### Problem requirements
This exercise calls for the data below to be retyped exactly, minus any images.

*** Provided material ***

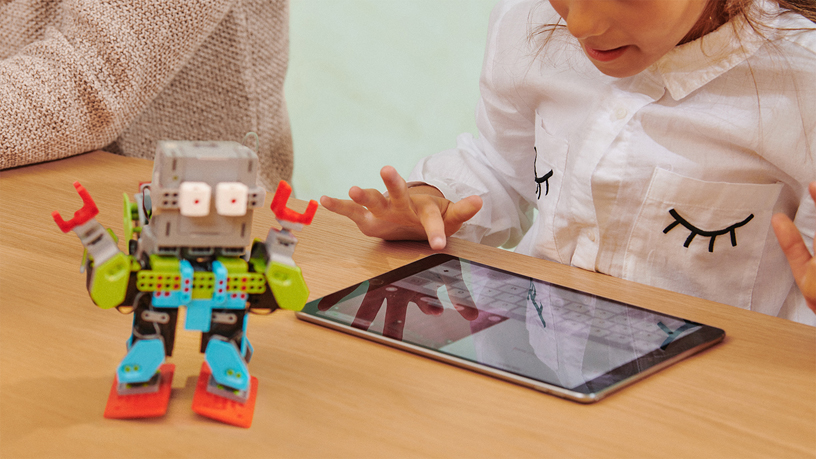 iPad oyuncak robotu kontrol etmek için kullanılıyor.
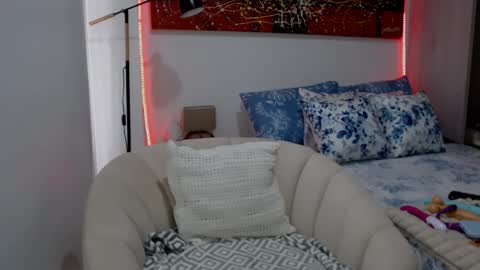 Snapshot of victoriahispanic chatting on 03/03/25, 07:06 victoriahispanic online show from 03/03/25, 07:06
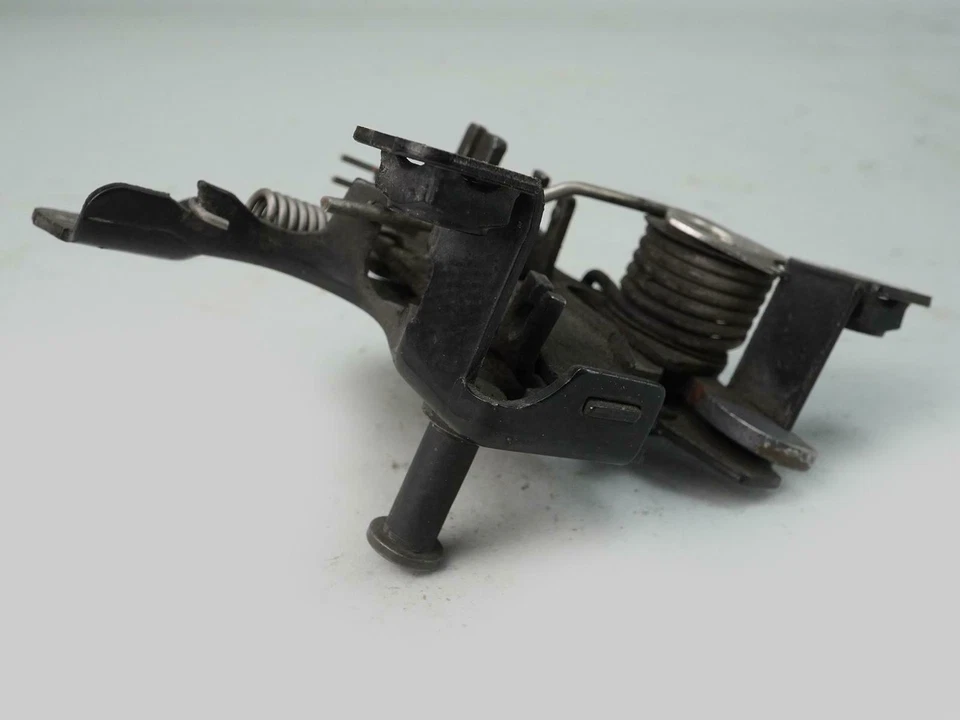 Audi Tt Quattro 2000-2006 3,2 L MK1 capó cierre de pestillo unidad solenoide fabricante original Foto 4 de 4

*** End of Provided material ***

### The completed task
 iPad oyuncak robotu kontrol etmek için kullanılıyor.
 Snapshot of victoriahispanic chatting on 03/03/25, 07:06 victoriahispanic online show from 03/03/25, 07:06
 Audi Tt Quattro 2000-2006 3,2 L MK1 capó cierre de pestillo unidad solenoide fabricante original Foto 4 de 4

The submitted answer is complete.